Latest update November 17th, 2024 1:00 AM
Dec 03, 2021 News
Kaieteur News – The Guyana Human Rights Association (GHRA) has called for a united front by civil society organisations in pressing government for real electoral reforms and not those being proposed by the Attorney General Chambers.
The GHRA made the comments in response to remarks by Attorney General, Anil Nandlall regarding the status of the organisation among other issues. “In light of this reality, civic organisations would do well to remember that in electoral reform matters, while the major parties will skirmish about details (such as RoPA amendments) their track record for fundamental reform is abysmally poor. The civic response to this state of affairs should be to invest time and effort in creating a strong civic position around agreed reforms. Meaningful civic engagement with party political sectors as a whole would then be possible,” GHRA said in a statement.
The GHRA recently said that reforming the Guyana Elections Commission (GECOM) and the implementation of single-seat constituencies should be the priorities if government is really serious about amending the Representation of the People Act (RoPA). Two weeks ago government released draft amendments to RoPA, which is laced with draconian penalties for electoral malpractice and also a most controversial proposal to break up Region Four into four sub-districts. Since unveiling the proposals, political parties and civil society grouping have hammered the proposed amendments, calling on the administration to withdraw them.
The GHRA said the proposed consultation to amend the RoPA is calculated to further, rather than reduce, political tensions in Guyana by keeping attention focused on the post-elections fiasco of 2020 and to sustain political polarization. To this extent, it constitutes a piece of monumental hypocrisy, the human rights body stated.

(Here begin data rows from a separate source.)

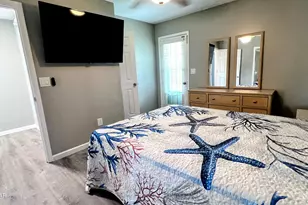 166 Gulf Highlands Blvd, Panama City Beach, FL 32407 - Photo 31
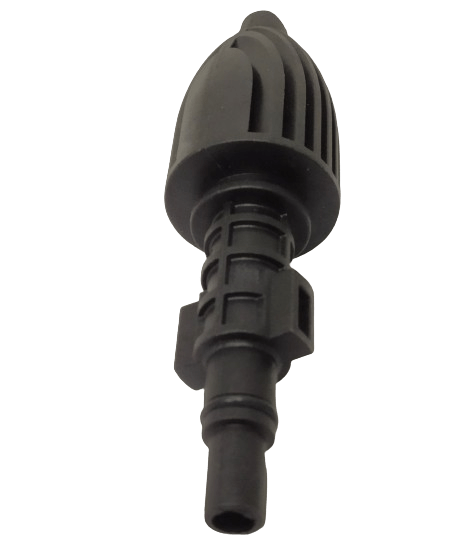 Tubeira Da Lanca Makita 3640670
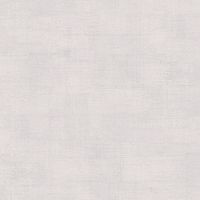 Обои 36 58406 Stucco арт.STC4008/1 — фото 1, Обои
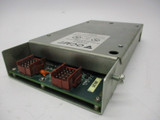 Ge 44a746619-001r02 Unmp Control Module - Used Industrial Equipment
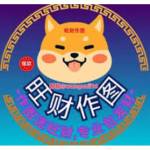 旺财作图 Profile Picture
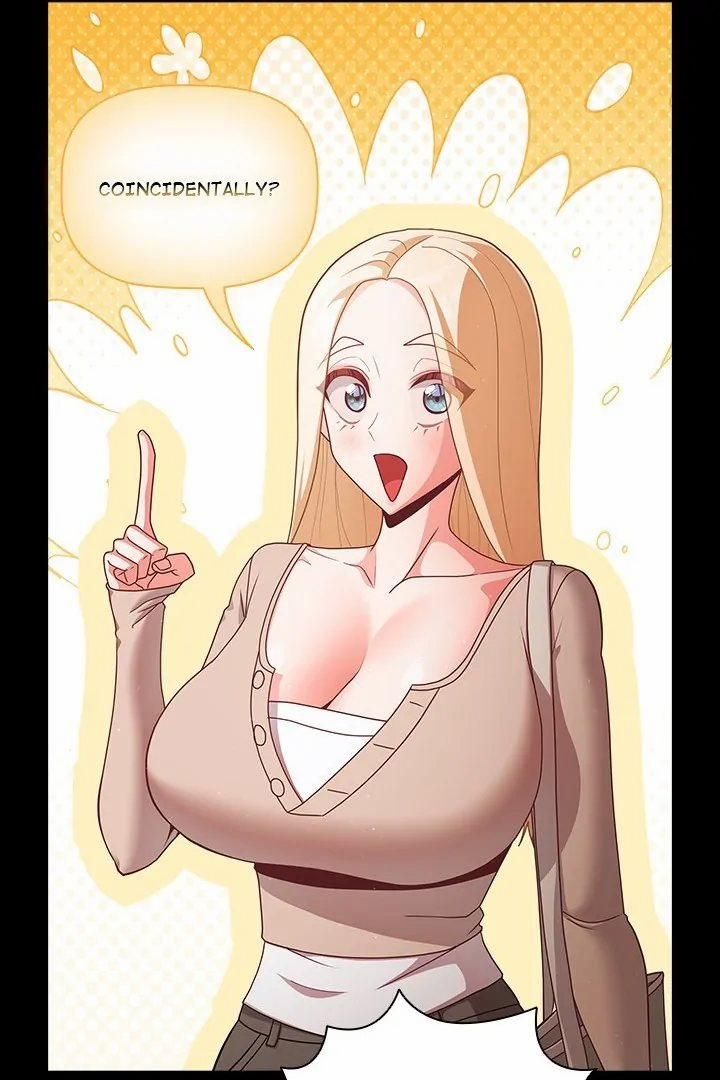 đọc truyện People Of The Dark Chương 12 ảnh 14 tại Thiên Thai Truyện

According to the GHRA, priority action on electoral reform should be implementation of single-seat constituencies and reform of GECOM. “These reforms were unanimously approved both by the Constitutional Reform Commission and in Parliament by the Parliamentary Oversight Committee on Electoral Reform in 2000. However, subsequent efforts over the next decade by civic and religious bodies, the diplomatic community and business sector to implement the reforms were successfully frustrated by the combined resistance of the leadership of the PPP and the PNC,” the GHRA stated.
The human rights body said, revival of the quest to implement those reforms, not the distraction of amending RoPA, should be the current focus of civic action. “Both PPP Governments, between 2000 – 2015 and the APNU+AFC between 2015 – 2020 had ample opportunity to address these reforms but chose not to do so, preferring to monopolise GECOM to keep MPs accountable to the party leader rather than to the people who elected them.
In line with the new orientation, the GHRA is proposing that the consultation should focus on Composition, Structure and Powers of GECOM; and Completion of the approved reforms for expansion of single-seat constituency. The body said ample documentation exists to enable the current generation to understand why our indefensible electoral system has survived. It has nothing to do with RoPA technicalities, but everything to do with a persistent, mutual leadership cover-up to resist real changes.